RBI needs to get its inflation forecasts right
Headline retail inflation in March undershot RBI's forecast of 5% by a massive 111 percentage points to come in at 3.89%
The Reserve Bank of India’s (RBI’s) inflation marksmanship has had more misses than hits over the years. And it appears that this time too, the central bank is in danger of getting its forecast wrong.
Headline retail inflation in March undershot RBI’s forecast of 5% by a massive 111 percentage points to come in at 3.89%.
In its own monetary policy report in April, the central bank showed its chequered record by highlighting the gap between the forecast on inflation and the actual inflation path. In October 2016, the RBI glide path on inflation showed that retail prices would rise gradually for inflation to be around 5.3% by March 2017. Inflation fell sharply to 3.89% in that month.
It is true that demonetisation amplified the fall in retail inflation. However, the effect of the cash purge on prices is unlikely to have persisted for more than six months given the central bank’s own argument of rapid remonetisation. But the headline inflation print in April was the lowest on record at 2.99%. Clearly, demonetisation alone is not driving prices lower.
Even when the headline inflation print came in sub-4% for five consecutive months, RBI forecast that inflation would average around 4.5% in the first half of 2017-18 and then rise to an average of 5% in the second half. We now know, and so does RBI, that in April inflation was even lower.
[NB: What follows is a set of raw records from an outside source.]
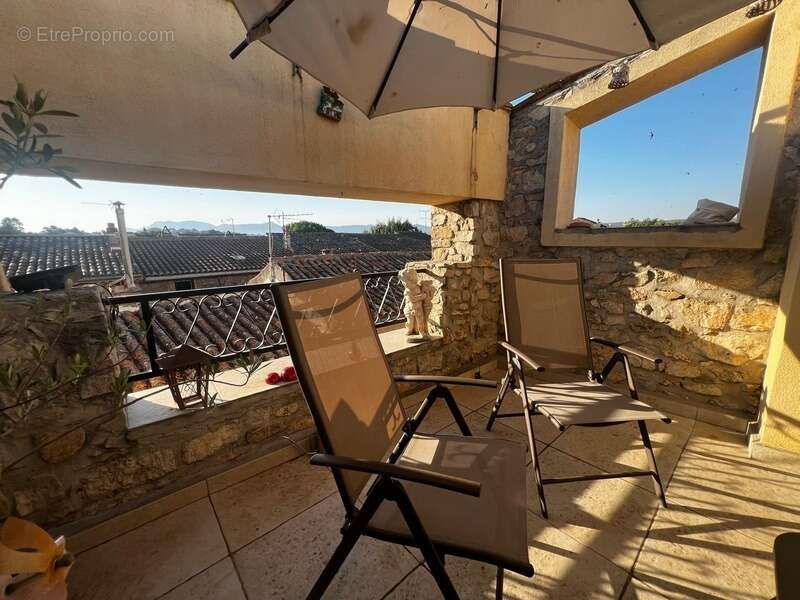 Maison de village avec terrasse tropézienne à vendre – Rousset (13790) - photo 12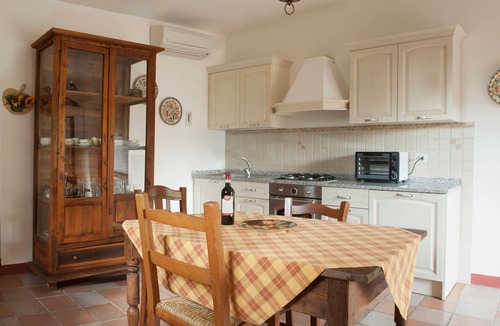 San Gimignano Apartment | Beautiful apartment for 3 guests with pool, WIFI, A/C, pets allowed and panoramic view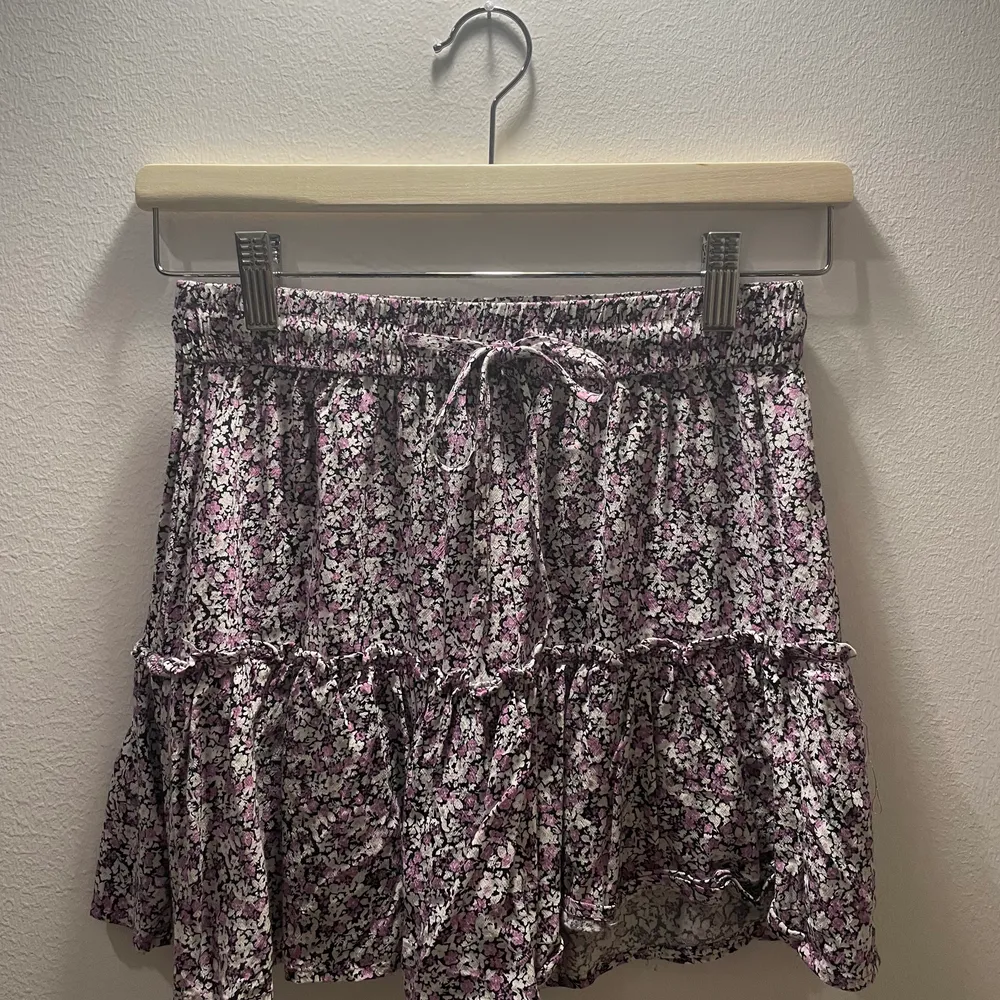 En jättefin blommig volang kjol från zara med inbyggda shorts:). Kjolar.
Forecasts matter because they give a glimpse into how the central bank wants to progress on the path towards achieving the formal 4% inflation target. So where is RBI going wrong?
In the past, when it went wrong on inflation forecasts during the high inflation period of 2009-2013, the reason was that the central bank underestimated the impact of inflation expectations. By the time it made enough noises about expectations getting entrenched, they had also gotten firmly planted in the economy.
A once bitten RBI is now more than twice shy to loosen monetary policy. Perhaps this time, the central bank does not want to underestimate inflation expectations.
But that would mean that expectations feed into inflation faster only on the upside but not on the downside. Inflation expectations have been easing and so has been inflation for more than four quarters now.
HSBC’s Pranjul Bhandari makes a convincing argument in a report that both forward and backward expectations have fallen, and that would keep inflation low in the coming years.
Getting inflation expectations right is no easy task but RBI needs to let go of its past experience and perhaps lower its inflation forecast.